Demis Hassabis (apparently) pursued money and experience managing before starting DeepMind. AlphaZero pursues general positional advantage towards the start of a Chess game. Anyone founding a startup might pursue general knowledge about the domain for the startup before beginning.
And then at some point while pursuing the goal, you cease to seek generically useful things, and begin to turn these things to your specific advantage.
Demis Hassabis uses his resources to get founding from Peter Thiel, and later get acquired by Google. AlphaZero pursues a particular strategy for checkmate (?). Anyone founding a startup stops pursuing general knowledge to actually, you know, start the startup.
There’s obviously a continuum here.
For the sake of clarity, I take this distinction to be far different than the distinction between trying to try and actually trying.
There are certainly possible agents in possible worlds who, when trying to do their absolute best, must try to attain intermediate, generally instrumentally useful goals. If I were to try to play Chess like AlphaZero, I would do even worse than I actually do now.
Misc Notes
Generally, I’ve noticed a great deal of psychological resistance in myself to moving from the general to the specific.
General strategies feel safer (even if they aren’t) both because they offer more visible options and there’s a smaller social burden in following them.
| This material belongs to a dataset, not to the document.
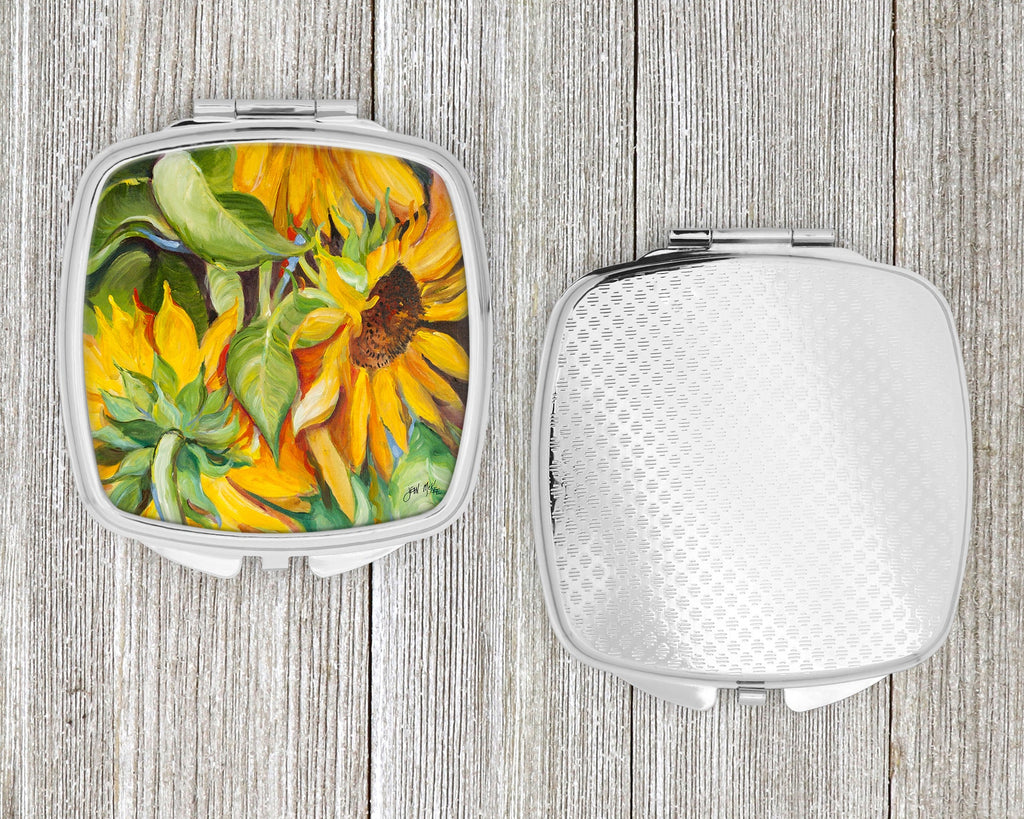Sunflowers Compact Mirror Decorative Travel Makeup Mirror for Women Girls Gifts Pocket Makeup Mirror Folding Handheld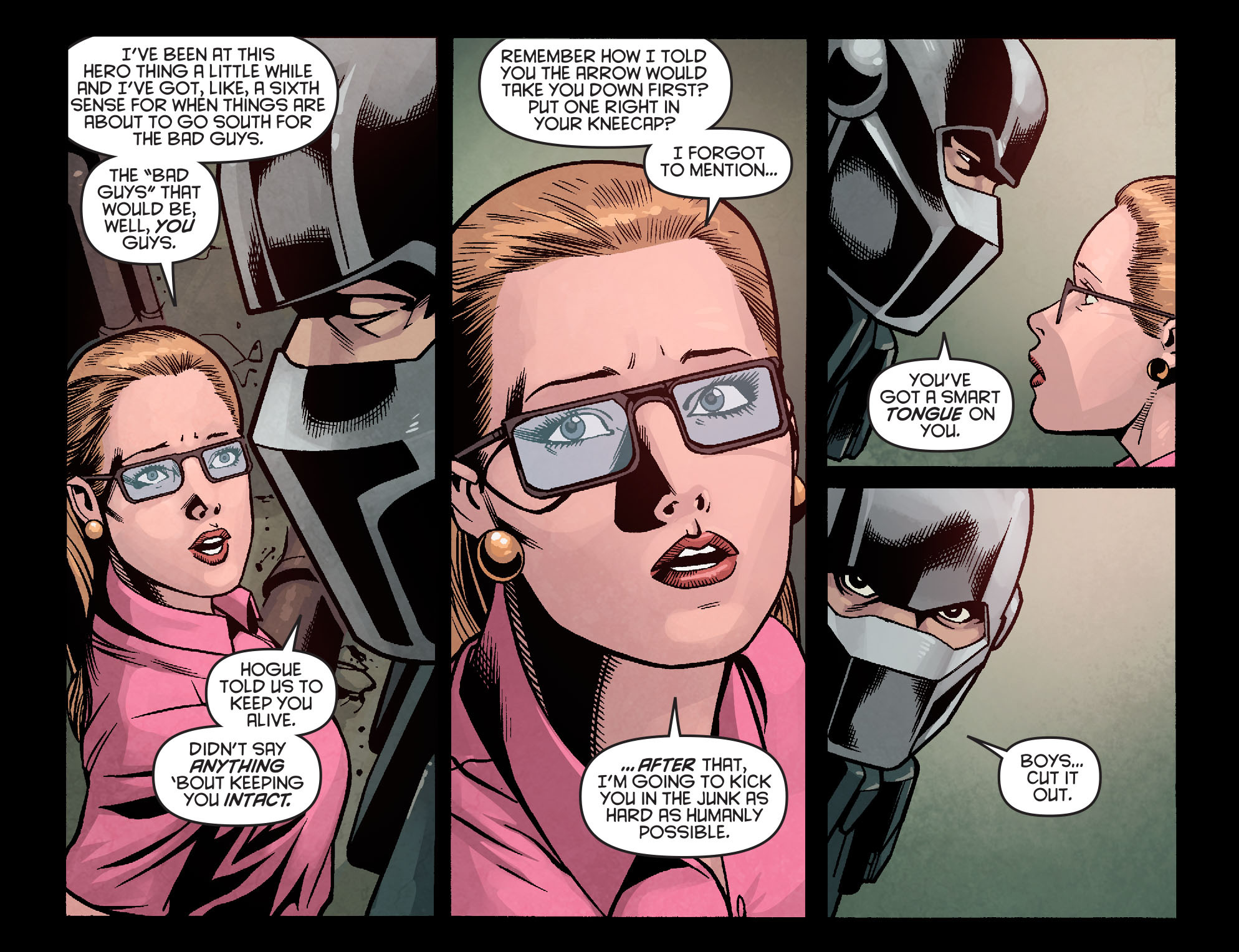 Read online Arrow: Season 2.5 [I] comic -  Issue #15 - 12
No one will fault you for pursuing money, influence, etc. Many people will think you’re foolish for deciding to bet your life on a particular path.
On the other hand, the more specific strategy can be more fun.
It can be fun because specific planning is more mentally interesting than sort of punting off a strategy to the future by thinking “well, once we’ve gotten more influence / money / status, then we’ll pursue X directly.”
Tighter constraints can be more interesting to work with. The problem of solving with tighter constraints also exercises your mind more, perhaps.
(As rather an aside, I think many people only exercise the sort of general planning about life planning, while only exercising the specific about work, which could lead to a little life boredom. I could be wrong.)
The more general feels more epistemically humble (potentially in a bad way) while the more specific feels more epistemically interesting (also potentially in a bad way).
Each strategy is sometimes correct.
Sometimes you just need to study more math, and sometimes you should actually propose a solution to that RL problem.
And really this whole framework might be fake.
AlphaZero plays chess in a manner that is completely unlike how humans, or even human-designed chess programs play chess. A human grandmaster does play much like you describe yourself playing: accumulating piece advantages, and only making limited sacrifices to gain position, when it’s clear that the positional advantage outweighs the piece disadvantage.
AlphaZero, on the other hand, plays much more positionally. In its games against Stockfish, it would make sacrifices that Stockfish thought were crazy, as Stockfish was evaluating the board based on pieces and AlphaZero was evaluating the board based on position.